1920 – Korubo e Matis entram em confronto pela primeira vez. Duas crianças Korubo são raptadas e constituem famílias no grupo Matis.

1971/1972 – Funai chega ao Vale do Javari para realizar primeiras ações e permitir a construção da BR-307.

1972 – Funai fracassa ao tentar manter contato com os Korubo.

1975 – Sertanista Jaime Pimentel é assassinato por índios Korubo, e Funai desativa postos na região. Petrobras tenta explorar a região de Javari/Jaquirana.

1980 – Confrontos entre índios e trabalhadores obrigam a Petrobras a buscar novos pontos de exploração nos terrenos mais altos entre os rios Itaquaí e Jandiatuba.

1982 – Petrobras e Funai celebram convênio para exploração mineral na região e postos do Itaquaí são reativados.

1982 a 1984 – Período de ataques dos índios aos trabalhadores.

1984 – Sertanista Lindolfo Nobre morre após ataque dos Korubo, e Funai determina o fim das ações na região.

1985 – Funai interdita a terra do Vale do Javari e inicia a etapa de demarcação definitiva da TI.

1990 – Os Korubo começam a se aproximar de comunidades não indígenas de Itaquaí.

1995 – Morador da comunidade de Monte Alegre é morto pelos Korubo. Em retaliação, moradores ribeirinhos matam dois índios.

1996 – Frente de Contato Vale do Javari é criada para resolver conflitos.

2000 – Três madeireiros de Atalaia do Norte morrem após confronto com integrantes do grupo Maya, outro grupo indígena da região.

2001 – Presidente FHC assina decreto demarcando a Terra Indígena Vale do Javari.

2013 – Os Matis tentam contato com alguns homens Korubo e registram o momento em vídeo.

2014 – Conflito fatal entre os Korubo do Coari e os Matis da aldeia Todowak, no Rio Coari.

2015 – Matis reivindicam contato, e Funai age para distensionar a questão.
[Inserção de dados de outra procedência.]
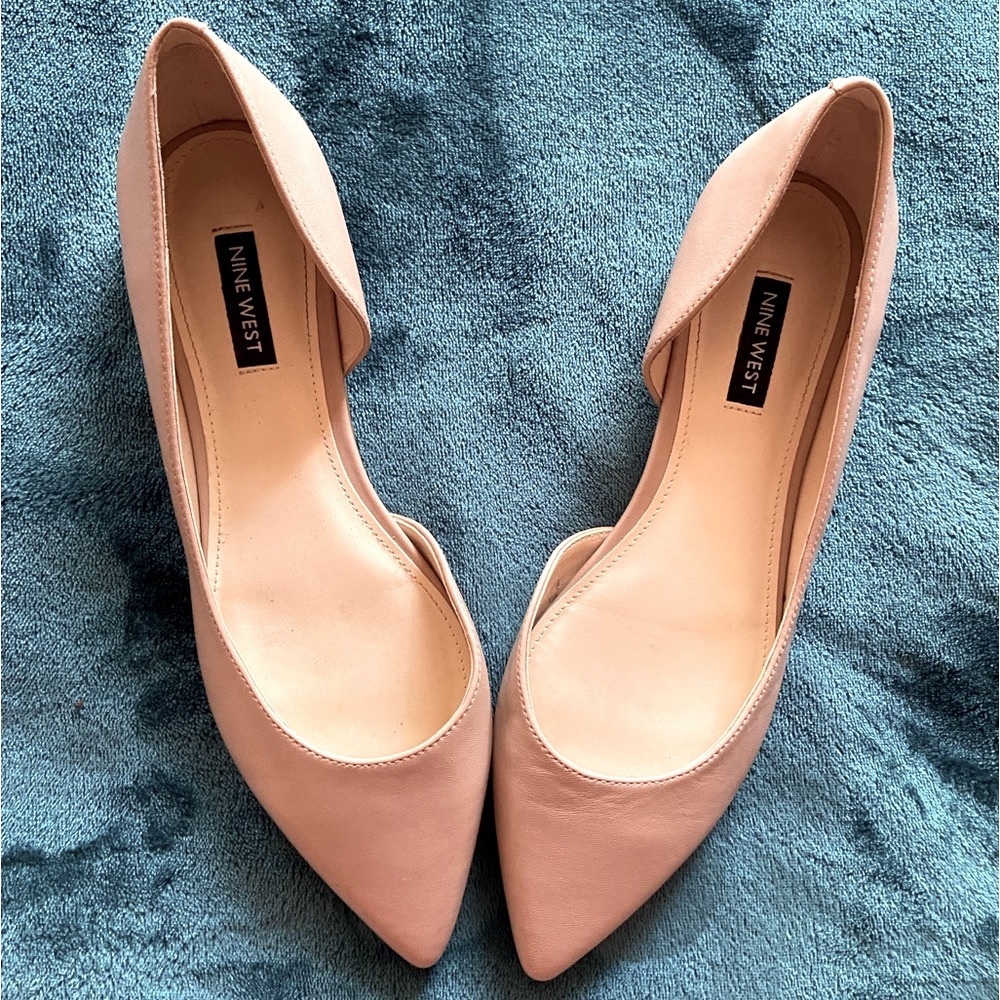 Nine West Saige d'Orsay Flat - Nude, Neutral, Cream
No fim do ano, os Matis realizam contato compulsório com um grupo isolado de Korubos do Coari.

2018 – Estudos mostram que existem 114 registros de índios isolados no país, 28 confirmados, sendo 11 deles no Vale do Jaguari.

2019 – Funai realiza ação de contato com grupo isolado dos Korubo para resolver o conflito por terras na região.